Cela veut dire prouver une évolution positive de notre activité vis-à-vis des critères qui y ont été mis. C’est un travail en cours, mais voici quelques indicateurs de mesure que nous sommes en train de mettre en place :
- Évolution de nos émissions de gaz à effet de serre (voir notre article sur la baisse de l’intensité carbone de Badsender en 2022)
- Évolution de la typologie de nos clients (H1, H2, H3 selon le modèle des trois horizons)
- Évolution de notre chiffre d’affaires par typologie de prestation
- Mesure de notre ombre climatique (là, il y a beaucoup de boulot)
Les gros chantiers auxquels nous allons nous atteler en 2024 et qui sont en droite ligne de cette initiative sur la raison d’être sont principalement de deux ordres :
- Travailler sur notre gouvernance : Comment aligner en permanence nos prises de décisions afin de faire évoluer positivement tous ces indicateurs ? En n’oubliant pas d’inclure un maximum l’ensemble de l’équipe.

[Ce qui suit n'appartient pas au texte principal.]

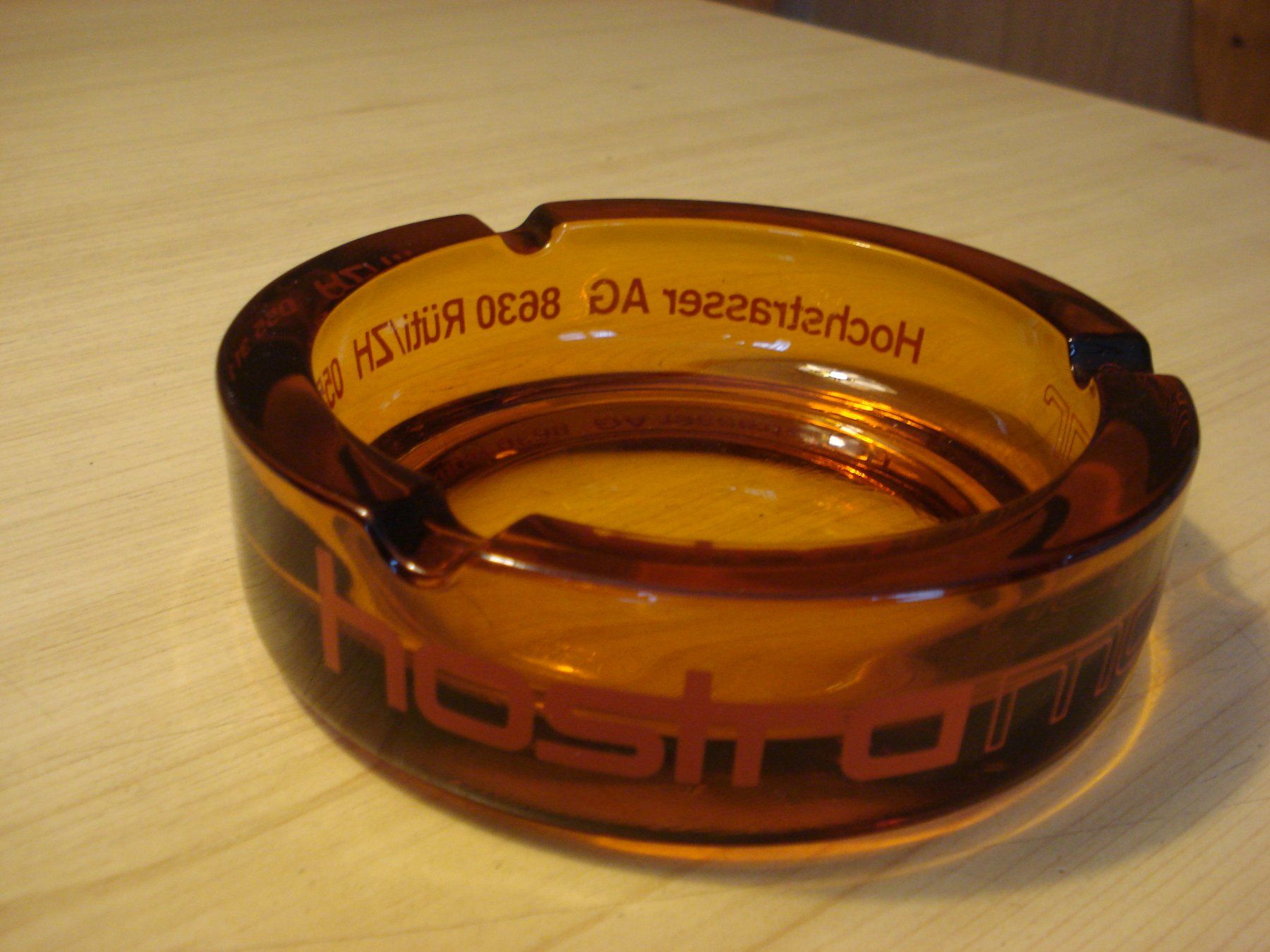 Portacenere: Grosser Aschenbecher (Glas), neu – Nuovo (secondo la descrizione) da Unteriberg venduto da gamswild 1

- Travailler sur l’évolution de nos prestations : Notre activité actuelle, centrée sur l’emailing et la newsletter, peut difficilement nous permettre d’atteindre nos objectifs à elle seule. C’est pourquoi nous allons devoir nous diversifier afin de toucher les organisations qui nous intéressent et de faire évoluer notre ombre climatique. Un travail de réflexion que nous avons initié lors de notre dernier team building sous forme d’un bilan de compétences collectif.
Conclusion : transformer ou tout casser ?
Il y a une question difficile, mais qu’il est indispensable de poser : Pouvons-nous transformer une organisation sans tout casser et reprendre à zéro ?
D’ailleurs, ce n’est pas vraiment une conclusion, puisque ça ouvre une réflexion abyssale. Après un an d’enregistrement de notre podcast “Sobriété et Marketing”, je suis (malheureusement), en train de me forger la conviction que transformer en profondeur une organisation n’est pas évident… voir impossible.
C’est pourquoi de nombreux entrepreneurs, dans le cadre de la transition écologique, sont de plus en plus axés sur une stratégie de remplacement plutôt que sur une stratégie de transformation. Ils lancent des entreprises pour remplacer les activités moins vertueuses des entreprises traditionnelles.
Clairement, ce sont ces entreprises que nous aimerions accompagner en priorité. Mais est-ce que nous ne devrions pas nous appliquer ce principe à nous même… à méditer.